- **Required action**
Exactly as they appear, please output the lines from the one with "Terreno à venda no Jardim dos Lagos, Guaíba" through the end of the material, without pictures.

# # # # # # #

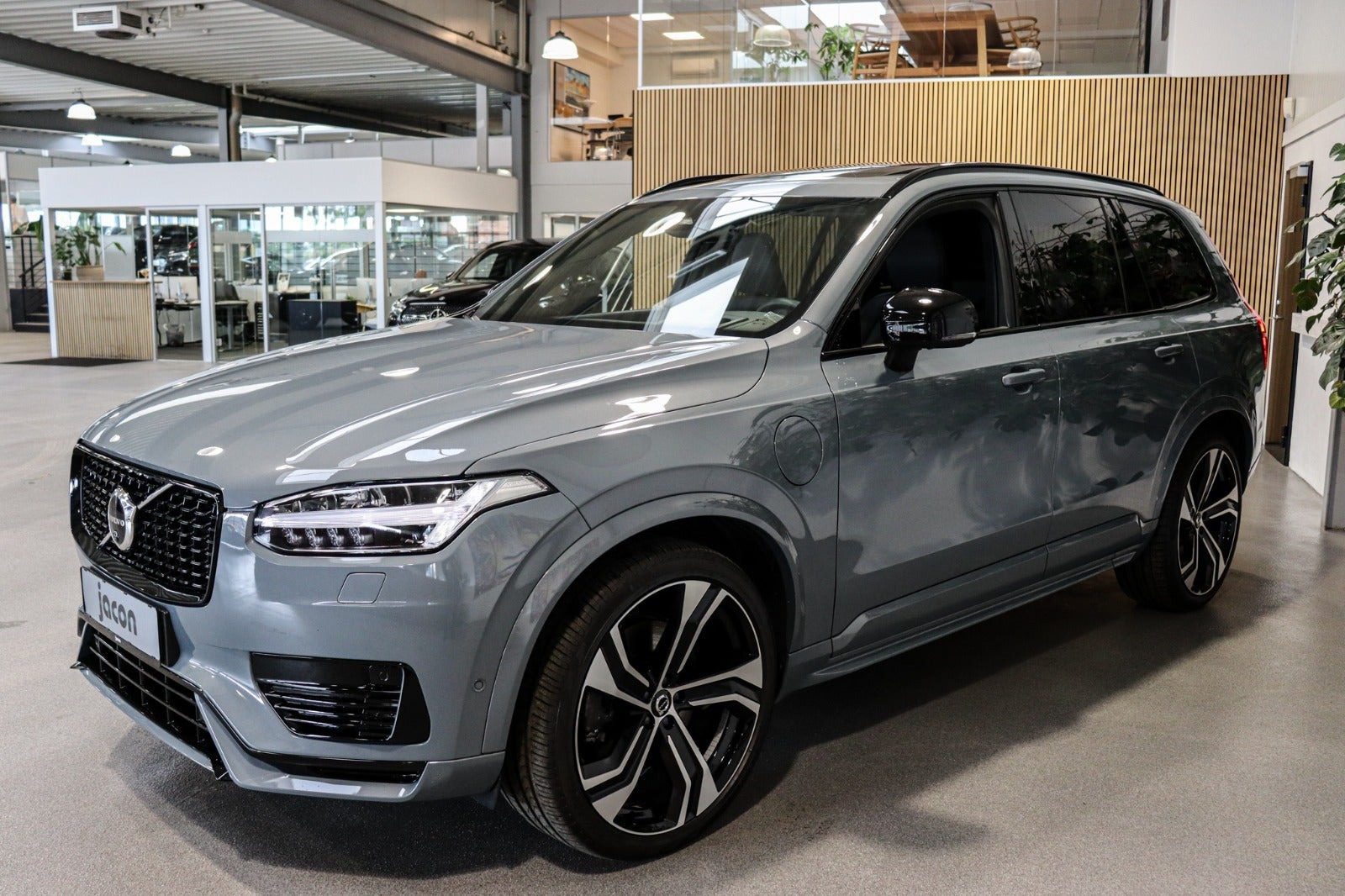 Grå Volvo XC90 fra 2023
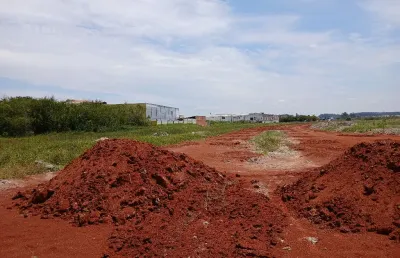 Terreno à venda no Jardim dos Lagos, Guaíba 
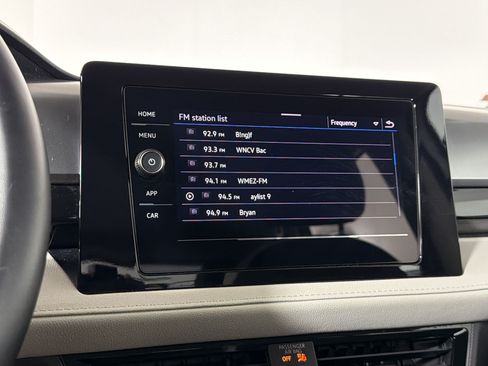 Used 2025 Volkswagen Taos S AWD/4WD image 18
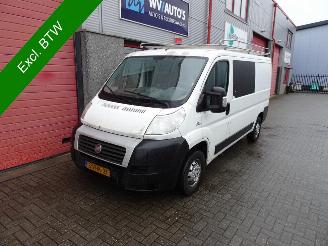 krockskadad bil vrachtwagen Fiat Ducato 30 2.3 MultiJet MH1 3 zits l2-h1 2010/5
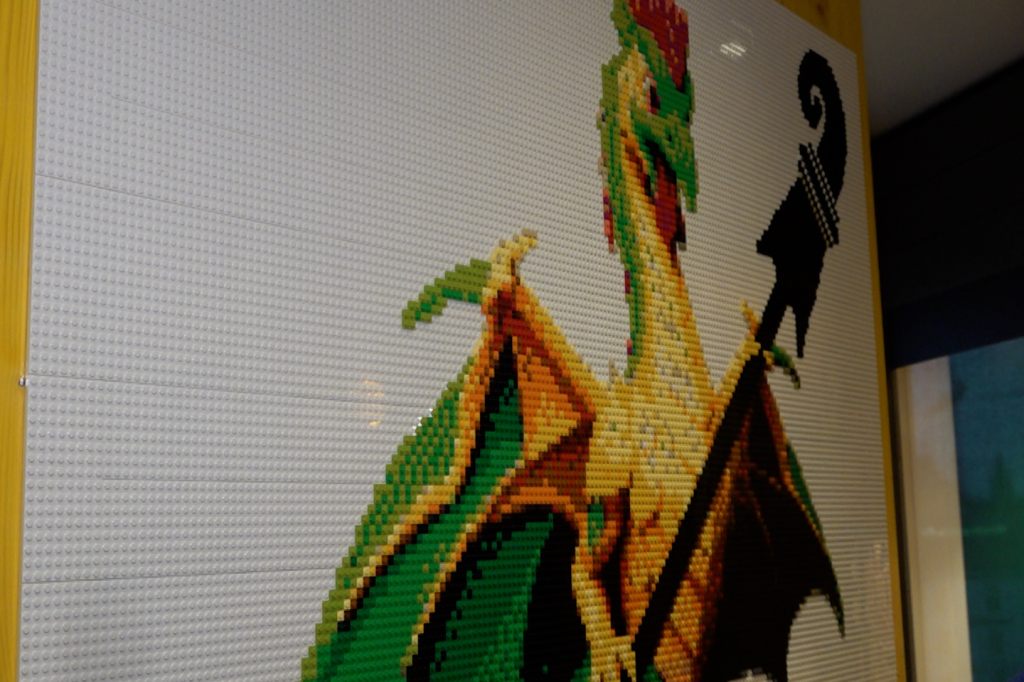 Basilisk aus Lego: Ausstellung im Spielzeug Welten Museum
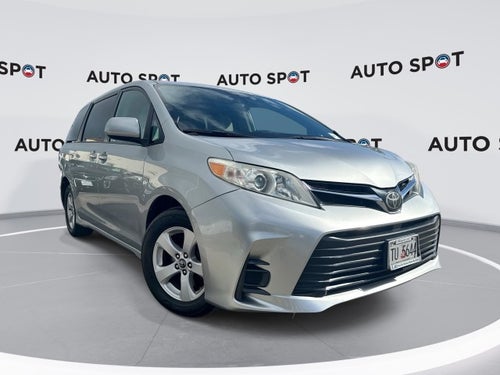 2020 Toyota Sienna LE Auto Access Seat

# # # # # # #

- **Final answer**
 Terreno à venda no Jardim dos Lagos, Guaíba 
 Used 2025 Volkswagen Taos S AWD/4WD image 18
 krockskadad bil vrachtwagen Fiat Ducato 30 2.3 MultiJet MH1 3 zits l2-h1 2010/5
 Basilisk aus Lego: Ausstellung im Spielzeug Welten Museum
 2020 Toyota Sienna LE Auto Access Seat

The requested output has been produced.